BİRKAÇ HAFTA İÇİNDE ŞİDDETLİ KURAKLIK OLUYOR
Ancak anormal derecede yüksek sıcaklıkların olması ve buna aşırı derecede az yağış oranının eklenmesiyle toprağın nemi hızla azalıyor ve birkaç hafta içinde şiddetli kuraklığa yol açıyor. Meydana gelen ani kuraklık, gelecek hakkında insanların korkutmaya başlamış durumda.
FELAKETLERE NEDEN OLABİLİR
Araştırma makalesinde, ani kuraklıkların karasal ekosistemlerin karbon yutağı işlevlerini hızla azalttığı ve hem ekosistemler hem de sosyo-ekonomik kalkınma için tehdit oluşturan sıcak hava dalgalarının orman yangınları ve elektrik kesintileri gibi felaketlere neden olabileceği belirtildi.
GİDEREK DAHA HIZLI ŞEKİLDE ARTIYOR
Nanjing Bilgi Bilimi ve Teknolojisi Üniversitesi'nden (NUIST) bir ekip, 1951-2014 yılları arasındaki kuraklık olaylarına ilişkin verileri temel alan bir araştırma yürüttü. Araştırmacılar dünya genelinde kuraklıkların giderek daha hızlı bir şekilde başladığını ve bunun da daha sık görülen ani kuraklıklara doğru küresel bir geçişe işaret ettiğini gözlemledi.
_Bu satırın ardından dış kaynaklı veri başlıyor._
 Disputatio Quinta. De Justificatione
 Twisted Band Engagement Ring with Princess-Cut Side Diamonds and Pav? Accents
KARA BÖLGELERİNİN ÇOĞUNA YAYILACAK
NUIST ekip lideri Yuan Xing'e göre çalışmanın sonuçları, geçişin sera gazları ve aerosol emisyonları gibi insan kaynaklı iklim değişikliği ile önemli ölçüde ilişkili olduğunu gösterdi. Yuan'a göre daha ileri araştırma, 2100 yılına kadar daha sıcak bir gelecekte, geçişin dünyadaki kara bölgelerinin çoğuna yayılacağını öngörüyor.
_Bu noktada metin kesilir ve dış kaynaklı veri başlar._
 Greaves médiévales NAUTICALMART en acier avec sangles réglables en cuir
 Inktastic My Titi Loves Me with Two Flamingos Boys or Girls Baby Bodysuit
TÜM TOPLULUKLAR CİDDİ RİSK ALTINDA
İklim değişikliğinin etkisi sıcaklıklardaki artıştan ibaret değil. Kuraklık, seller, şiddetli kasırgalar gibi aşırı hava olaylarının sıklığı ve etkisinde artış, okyanus ve deniz suyu seviyelerinde yükselme, okyanusların asit oranlarında artış, buzulların erimesi gibi etkenler sonucunda bitkiler, hayvanlar ve ekosistemlerin yanı sıra insan toplulukları da ciddi risk altındadır.